### ACTIVITY
Copy without pictures. Please restate each line of the listing exactly.

### SUPPLIED MATERIAL
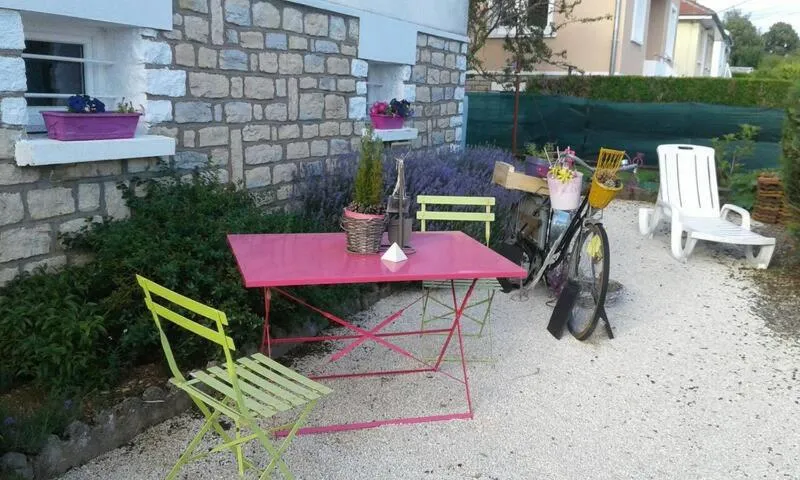 blue room, kitchenette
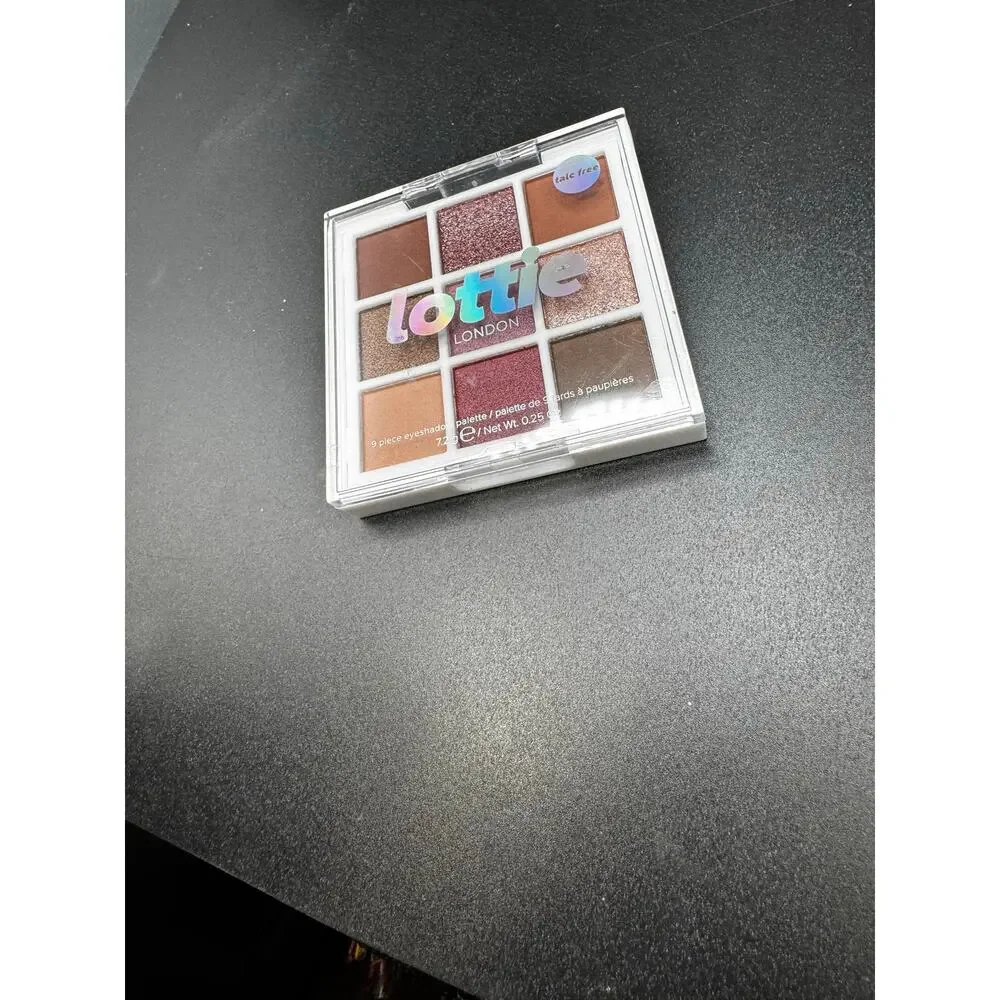 NWT Lottie Eye Shadow Palette 9 Colors The Mauves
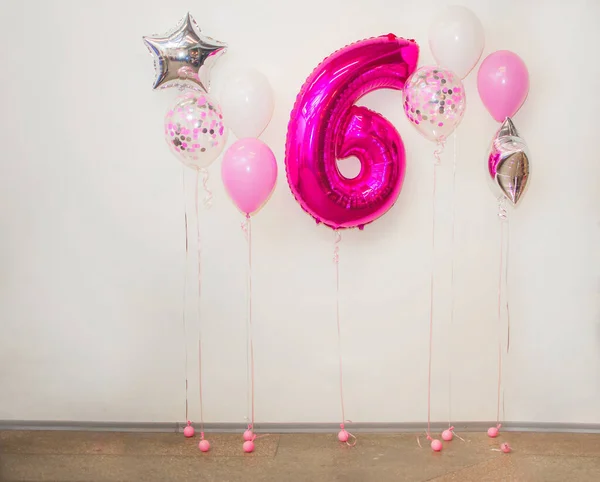 Gratuluję obchodów szóstej rocznicy jego urodzin. numer 6 foliowy różowy balon i balony. Wszystkiego najlepszego, plakat powitalny. — Zdjęcie stockowe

### SOLVED PROBLEM
 blue room, kitchenette
 NWT Lottie Eye Shadow Palette 9 Colors The Mauves
 Gratuluję obchodów szóstej rocznicy jego urodzin. numer 6 foliowy różowy balon i balony. Wszystkiego najlepszego, plakat powitalny. — Zdjęcie stockowe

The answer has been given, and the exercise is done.